I know there are kids out there somewhere who meet on a dirt lot near their "houses" and with bare feet and a ball play a game of soccer. Are they having less fun than our boys, who groan when they get assigned to play at a field that is less than manicured (edited to keep my blog rating in the family range). I doubt it.

My kids lack meaningful work. They miss out on doing without, sacrificing for the good of the family, or community, and selfless service and we replace it with overindulgence, and all the fancy trappings of the world. (When I say my I don't meant just the ones I gave birth to, but the generation that they share) At whose feet do we worship?

I don't know what to do to fix it either. I have no field to plow, cows to milk, or community well to dig. We live in luxury, which Big B works hard to provide, and I work hard to keep clean. I want my kids to be happy, well rounded and contributing but when I look around I don't see that many kids really taking advantage of their many opportunities and rising to greatness. Maybe like a little chick coming out of it's egg kids need adversity to rise above in order to become extraordinary? Are they learning to work hard? To be creative and ingenious?To be content? To help others??

I am already dreading Christmas, which I love, because I know it will be a let down. H wants "a cell phone but she is not greedy, she will be happy with one that doesn't have a data plan; a lap top, real Uggs, and custom converse...only 4 things and she will be perfectly happy" she tells me. Lu wants an $80 dog that walks by remote control. She is 5. Come on. And the list goes on. When you have everything you need the things you want become ridiculous.

The inner conflict, I want them to have. I want them to appreciate. I want them to have their priorities straight...but do I teach them that?? do we live that? Can we have it both ways? Am I trying to serve God and Mammon?

and lastly, why do I have so much laundry all the time??


nikko said...

I feel the same as you on so many of these things. I grew up in a family with no money for extracurricular stuffs and while I did church YW and Girl Scouts, I always felt totally intimidated by my peers who were athletic or whatever and had been in soccer/dance/volleyball/gymnastics since they were 6/7/8. I feel like I want to give my kids opportunities to learn new things and experience sports and stuff, but I'm torn. Luckily my boys are pretty easy-going and not too "sporty" so we haven't run up against this with soccer yet. If K keeps playing, I know it will come and we'll have to make a decision.

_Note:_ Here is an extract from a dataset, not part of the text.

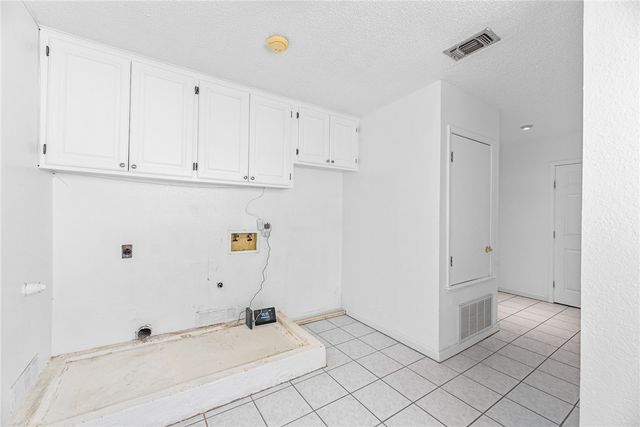 3443 Jamaica Dr, Corpus Christi, TX 78418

I have the same inner conflicts, too. Let them "be kids" and have stuff they want, or teach them to do without? Or hopefully some happy medium of both.

I'll tell you, though, the no t.v. thing helps out with the "I want"s on the Christmas list. They never see commercials.

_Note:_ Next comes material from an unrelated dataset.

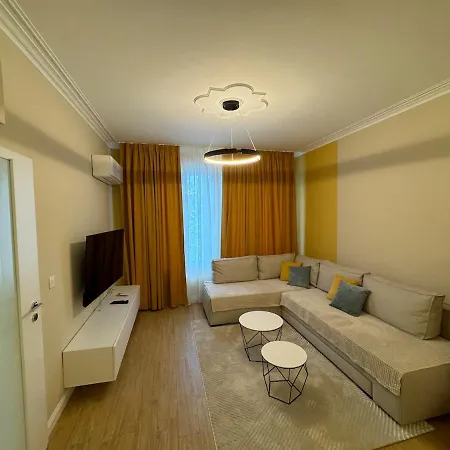 Homely In Lozenets Sofia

Lana, you're a good mom. I've always admired the way you parent. I'm sure you'll figure it all out and your kids will be fine. :o)

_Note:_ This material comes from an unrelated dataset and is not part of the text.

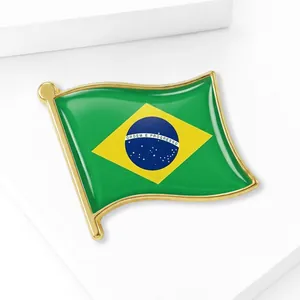 Broche drapeau du Brésil dorée au design ondulé avec devise sur support géométrique blanc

I have a good life said...

Wow! That is a mega blog. I didn't read what Kriste wrote, 'cuz I wanted to write my own thing-but I might repeat.

1) Lana-you are the best mom. I admire everything about the way you parent. Now, as I transition into a second marriage and the hope for more children that that includes, I am looking to your example with you having two sets of kids. You did it so seamlessly and so well.

2) It is sooooooooooo difficult to balance the worldly wants/needs and serving our Heavenly Father. But, you are doing really well. :)

3) The very fact that you are thinking about this shows where your heart is. My kids bemoan how they don't have IPads, etc., but I (like you) am trying to give them a better life than handing them lots of toys.

4) If you figure out how to help them not be so wanty, let me know.

Love ya.

Heather said...

I totally agree. I had to work for and buy everything I wanted including a TV, CD player and even my car and insurance. I struggle with wanting to get Blake all the cool things that I know he'd like and not wanting to spoil him.

Maybe I'm crazy, but I don't believe in kids having cell phones until *maybe* they start driving. I can't for the life of me understand why they need one when they spend all day in school!

I think it's appropriate for kids to work for/earn the things they want, then they learn (hopefully) what things are worth.

Not that I am the expert, Blake is only 2...

I agree that you are a great mom!

Caroline said...

I didn't have a cell phone until I was 18. I didn't need one until then. I survived just fine. And I didn't get my own laptop until I was 20 when I got it as a birthday gift/wedding gift. I didn't need one until then. I survived just fine. A trip to a homeless shelter might just put things into perspective. And a lovely little word I use quite frequently (to Davy's great annoyance): No. I put needs before wants with everything, Christmas gifts included. I always had to save up my own money for the wants; my parents paid for the absolute needs. I worked for everything else. Davy really wants some Star Wars stuff. He's been talking about it for days. I finally told him he could buy it when he has his own money. So he's been asking for work to do so he can get money to buy his Star Wars stuff. I think it is cute, but I think it is also a way to teach him bout responsibility and work. I hope so... We'll see how it goes. I sure am tired of the fits he throws when I don't buy him things at his every whim. :P

Tori said...

I think my greatest worry about living in such an affluent society is it creating "soft" people. We know from the scriptures that there will be some very trying times in days to come (there already are for some), how will we fare when we are so used to having everything so easily? And what does it say that we want, want, want? (I include myself in this.)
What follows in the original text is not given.